I guess a better question to look into would be what major platforms should I shoot to get a good idea. That way I can save money by not having to rent as many guns


----------



## Diamondback 2/2 (May 2, 2010)

Listen to SAWMAN, if it's a carry gun I would hands down go Glock...

I own several 1911's and I carry a G22, yes 1911's are more accurate but as SAWMAN pointed out you will loose alot by going with a 1911. If you are dead set on a 1911, Kimber and Springfield Armory 1911's are priced well and both Kimber and SA put out great 1911's for the money. The MC Operator is a nice pistola and very accurate about 1.5 inch groups at 25yd off the rest with Mil Match ammo.

Again I would take SAWMAN's advice on getting a Glock, your spending half the money, getting ten times the reliability and they are more then accurate enough...


----------



## Swamp Honky (May 2, 2010)

Yeah thanks for the advice guys, 
I will shoot em both, and then weigh the pros and cons for carrying.


----------



## HOLLiS (May 2, 2010)

It takes more than a box of ammo to evaluate any well made firearms.   Firearms are also a investment, if done right.   Part of it is find what "fits" you.   Your ergonomics is pretty much fixed.  Your attitude is adjustable and so is your skill.   Not many people really get to shoot a lot of different types of firearms enough to find the perfect fit for them (if there is such a thing).  Learning to use what you have effectively is the crux of the issue.  

Over time, try other firearms, obtain other firearms and unless for some unknown breeding problems, I think you will find out they are only as good as the shooter.


----------



## 7point62 (May 2, 2010)

HOLLiS said:


> It takes more than a box of ammo to evaluate any well made firearms.   Firearms are also a investment, if done right.   Part of it is find what "fits" you.   Your ergonomics is pretty much fixed.  Your attitude is adjustable and so is your skill.   Not many people really get to shoot a lot of different types of firearms enough to find the perfect fit for them (if there is such a thing).  Learning to use what you have effectively is the crux of the issue.
> 
> Over time, try other firearms, obtain other firearms and unless for some unknown breeding problems, I think you will find out they are only as good as the shooter.




x2. And BTW, good luck getting an SA 1911 right now. They are all allocated.


----------



## AWP (May 2, 2010)

Were I to buy a 1911 I'd get a Springfield or Para Ordnance. Para also makes an LDA model for carry that I'm told is very good.

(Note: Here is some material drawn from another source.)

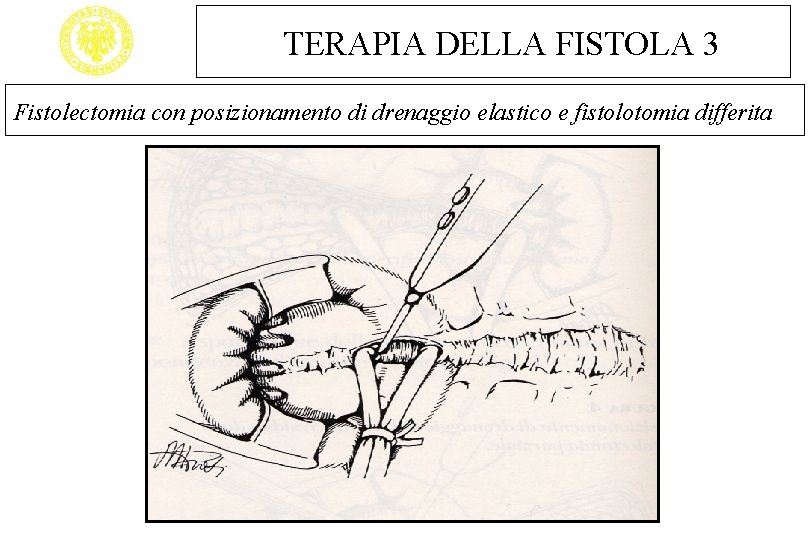 TERAPIA DELLA FISTOLA 3 Fistolectomia con posizionamento di drenaggio elastico e fistolotomia differita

FWIW, I'm looking at buying a gun for IPSC use and it is down to a Para or a Glock while my carry gun is a Glock 23. At think though at the end of the day it is like Hollis said: find one that fits, they all all have pros and cons. What is "best" for you may not be for me, you know?


----------



## HOLLiS (May 2, 2010)

I have seen some Hi Standards Mil Spec 1911, come through.   I have not heard how they shoot, but form handling them in a shop they were slicker than a Kimber Tact II, and under $500.  Sights where ....let say WWII ish.    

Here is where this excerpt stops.